Fast agent work creates a lot of failure.

That is not inherently bad. Failure is where the useful information is. The bad version is when the failure only exists as a transient log in one terminal session.

failureseed is aimed at that gap.

It has two jobs:

generate small deterministic failing fixtures for agent QA
capture a real failing command into a reviewable JSON and Markdown handoff bundle

That sounds like a narrow utility until you watch agent teams hand work around.

Agent A hits a test failure. Agent B needs to continue. A human reviewer wants to know whether the failure is real, replayable, redacted, and scoped. Without a capture format, everyone reconstructs the state from memory and chat snippets.

That is too much friction.

A failure should be an artifact.

If it can be replayed, summarized, redacted, and attached to a handoff, the next agent starts from evidence instead of vibes.
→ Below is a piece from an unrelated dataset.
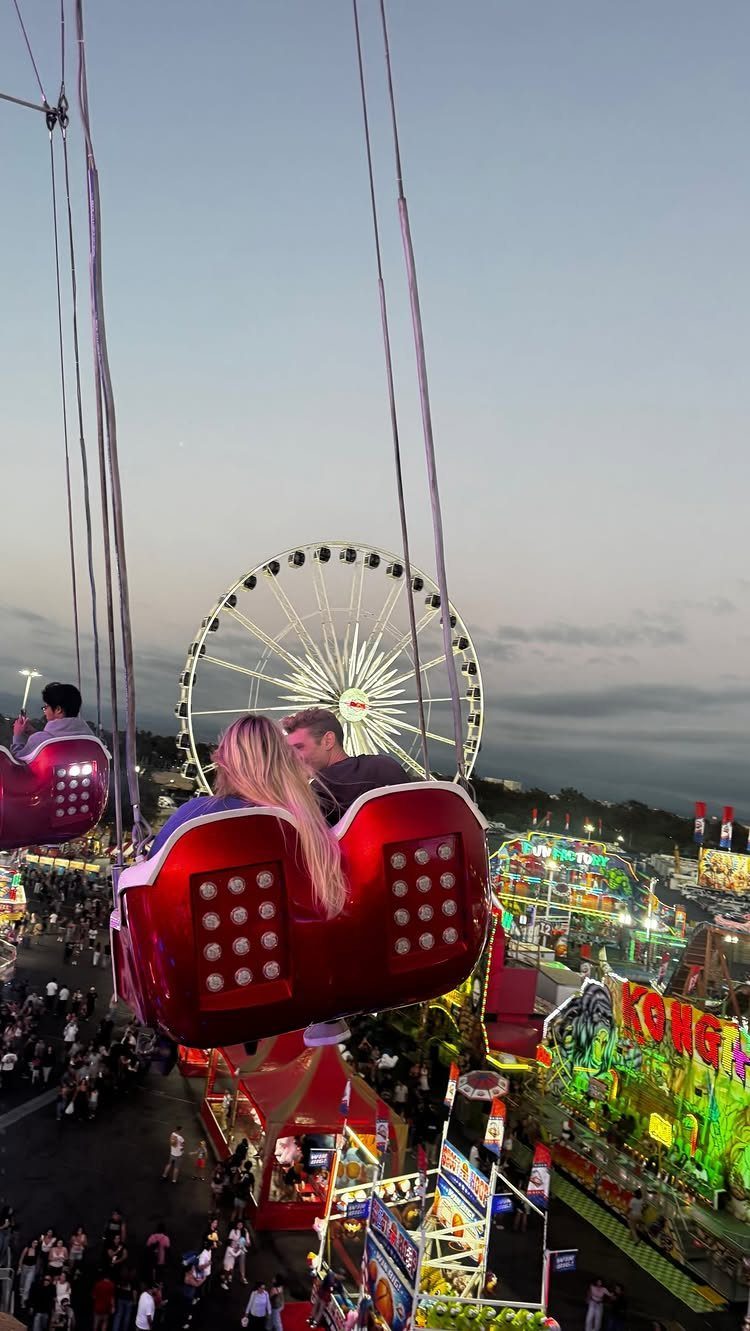 Couple in a red ride carriage at a carnival with a Ferris wheel background.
EnvProbe: do not assign work to a mystery machine

The third piece is earlier in the workflow.

Before an agent starts building, the orchestrator should know whether the environment can actually support the task.

Does the repo have the expected files? Is Git available? Which package manager is present? Are required tools installed? Is the worktree dirty? Are requested environment signal names present without leaking their values?

envprobe snapshots those facts locally.

The important part is not that it finds every possible machine detail. It deliberately does not. The important part is that it gives the dispatch layer enough capability facts to avoid assigning work blindly.

This is another version of proof before publish, just shifted left.

Before publishing a result, collect evidence. Before assigning the task, collect capability evidence.

The challenge: evidence can become theater

There is a trap here.

It is possible to generate lots of artifacts and still not make the work safer.

A giant proof folder full of irrelevant logs is not review discipline. A captured failure with no clear replay path is not a handoff. A machine scan that leaks secrets or inventories too much state creates a new problem while pretending to solve an old one.

So the standard cannot be “more evidence.”

It has to be better evidence.

Evidence theater

✗Long logs nobody reads
✗Unscoped artifacts
✗Secret-adjacent output
✗Claims copied into PR text
✗Checks unrelated to the risk

Useful proof

✓Small review bundle
✓Explicit artifacts
✓Redacted outputs
✓Replayable failures
✓Checks tied to the change

The proof layer has to respect the reviewer’s time.

Otherwise agents only move the bottleneck from implementation to audit.

The deeper insight

I keep noticing that the useful agent tools are not trying to make the model more magical.

They are trying to make the work more legible.

That is the through-line from Day 10 to Day 13 to Day 15. Trust does not come from one giant autonomous leap. It comes from small boundaries, local artifacts, deterministic fixtures, and receipts.

proofdock, failureseed, and envprobe all sit in that operating layer.

They do not replace judgment.

They make judgment cheaper.

That is the part that matters when agents speed up the work. The human review queue does not magically get faster because the code appeared faster. If anything, it gets more expensive unless the agent leaves a trail.

Where Day 16 lands

Day 16 made the release and handoff side of the sprint sharper.

envprobe asks whether the task is safe to assign. failureseed turns failure into something another agent can reuse. proofdock packages evidence before the work leaves the local lane.

That is the shape I want more agentic engineering tools to take.

Not agents that beg for trust.

Agents that bring receipts before they cross the boundary.